** Opening Supplied data block **
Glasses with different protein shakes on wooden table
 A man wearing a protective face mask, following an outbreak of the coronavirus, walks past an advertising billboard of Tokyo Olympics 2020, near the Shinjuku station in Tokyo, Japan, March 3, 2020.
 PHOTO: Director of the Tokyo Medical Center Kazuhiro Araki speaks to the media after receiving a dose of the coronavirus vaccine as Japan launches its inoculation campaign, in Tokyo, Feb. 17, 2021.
** Closing Supplied data block **
### Task
Nothing before the line containing "A man wearing" should be repeated; repeat that line and all later lines through the end of the data above, exactly.

### Output below
 A man wearing a protective face mask, following an outbreak of the coronavirus, walks past an advertising billboard of Tokyo Olympics 2020, near the Shinjuku station in Tokyo, Japan, March 3, 2020.
 PHOTO: Director of the Tokyo Medical Center Kazuhiro Araki speaks to the media after receiving a dose of the coronavirus vaccine as Japan launches its inoculation campaign, in Tokyo, Feb. 17, 2021.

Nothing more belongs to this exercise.